__Prompt__
In duplicating the lines below, keep every word unchanged and drop the pictures.

__Supplied information__
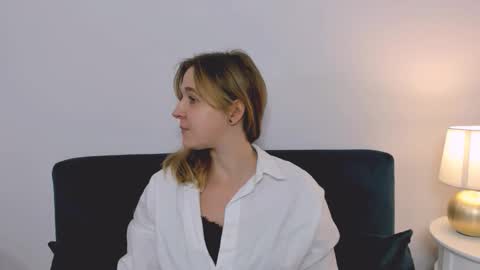 lunakissable online show from December 2025 04:24:01 PM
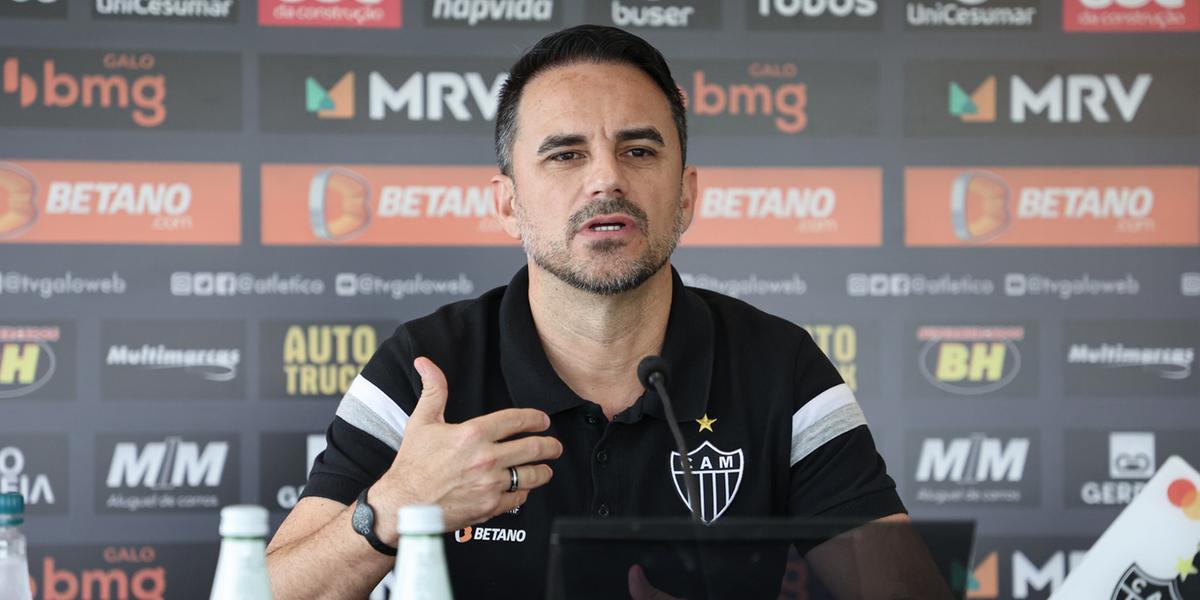 Rodrigo Caetano afirmou que contratará zagueiro e possivelmente um lateral-direito (Pedro Souza/Atlético)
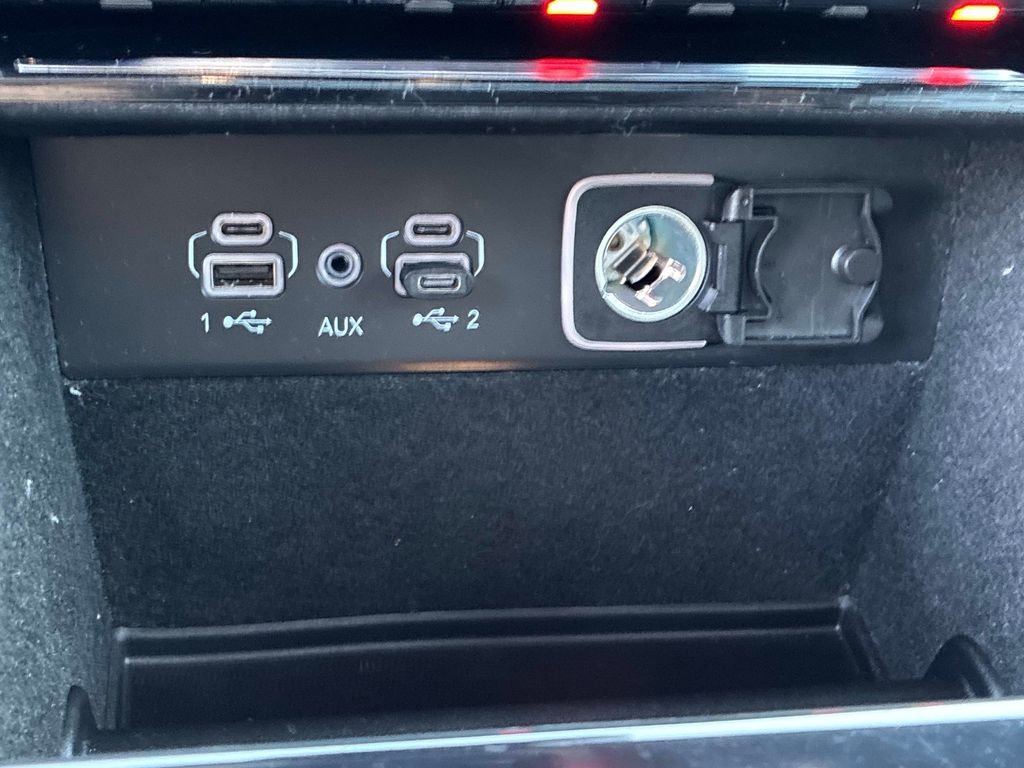 Used 2021 Gray Jeep Limited image 33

__Response__
 lunakissable online show from December 2025 04:24:01 PM
 Rodrigo Caetano afirmou que contratará zagueiro e possivelmente um lateral-direito (Pedro Souza/Atlético)
 Used 2021 Gray Jeep Limited image 33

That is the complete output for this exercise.